Instructions for the task:
Return the data below unchanged, without images.

Data block:
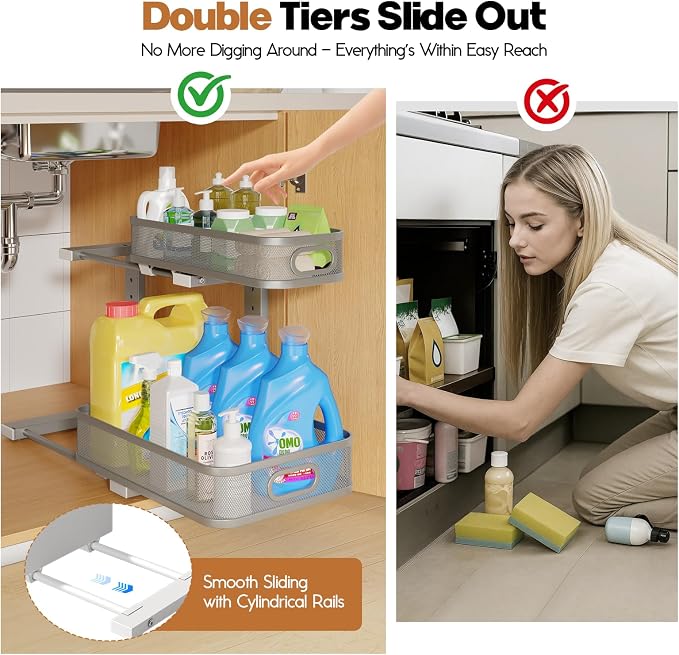 2 Pack 15.7IN-Depth Under Sink Organizer With Smooth Cylindrical Rail,2-Tier Pull Out Multi-Purpose Cabinet Storage for Bathroom&Kitchen,Height Adjustable,Rust-resistant Coating-Gun Gray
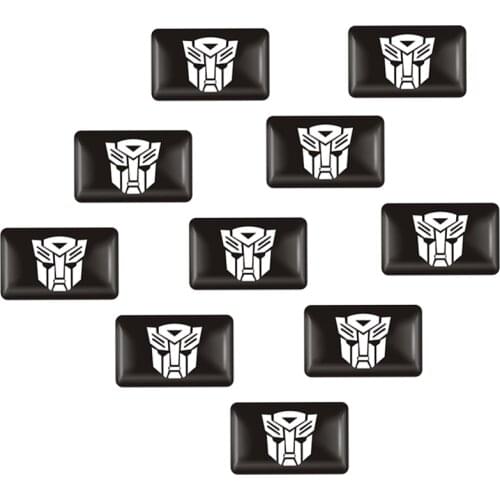10Pcs 3D Car Stickers Decorative Emblem Cool Autobots Logo Car Styling Transformers Badge Tail Decal Motorcycle Car Accessories
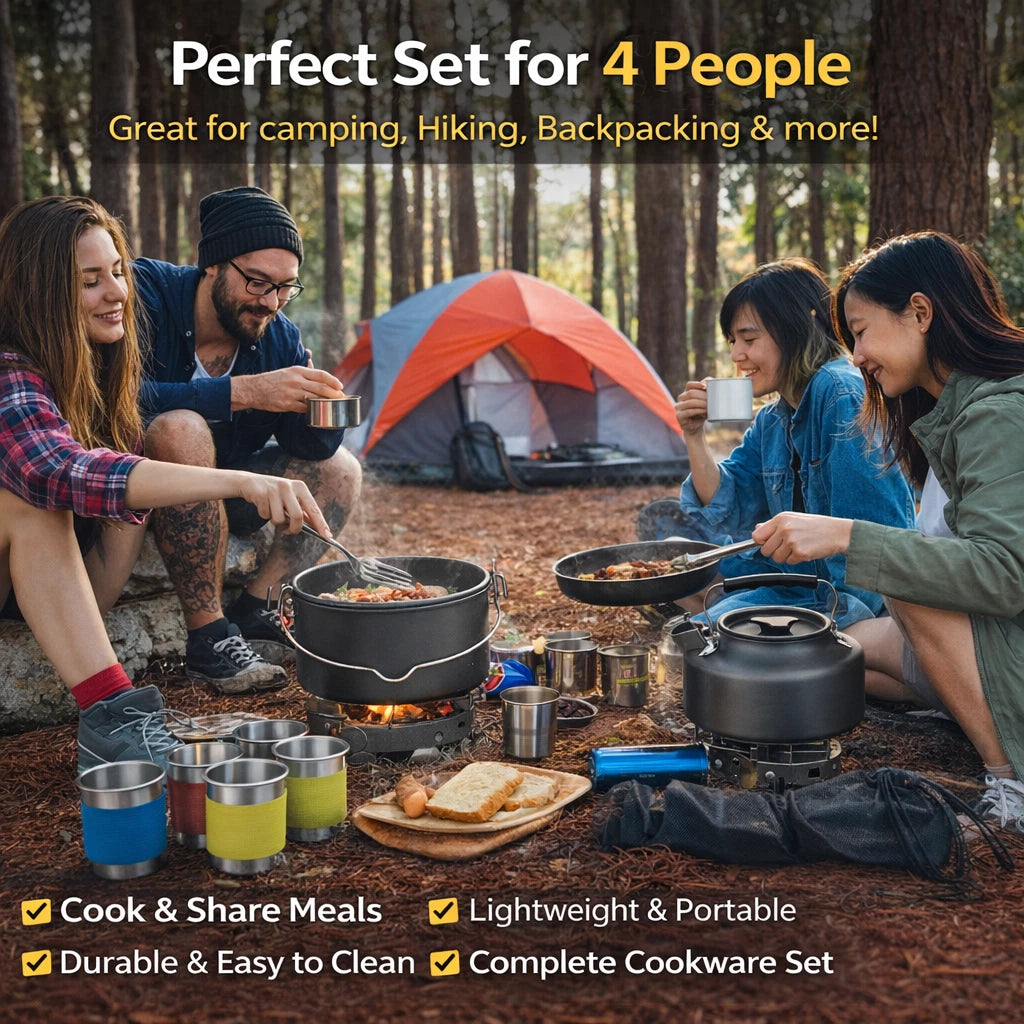 Camping Cookware Set 4 Person Outdoor Cooking Pot Pan Kettle Picnic Hiking Kit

Result of the exercise:
 2 Pack 15.7IN-Depth Under Sink Organizer With Smooth Cylindrical Rail,2-Tier Pull Out Multi-Purpose Cabinet Storage for Bathroom&Kitchen,Height Adjustable,Rust-resistant Coating-Gun Gray
10Pcs 3D Car Stickers Decorative Emblem Cool Autobots Logo Car Styling Transformers Badge Tail Decal Motorcycle Car Accessories
 Camping Cookware Set 4 Person Outdoor Cooking Pot Pan Kettle Picnic Hiking Kit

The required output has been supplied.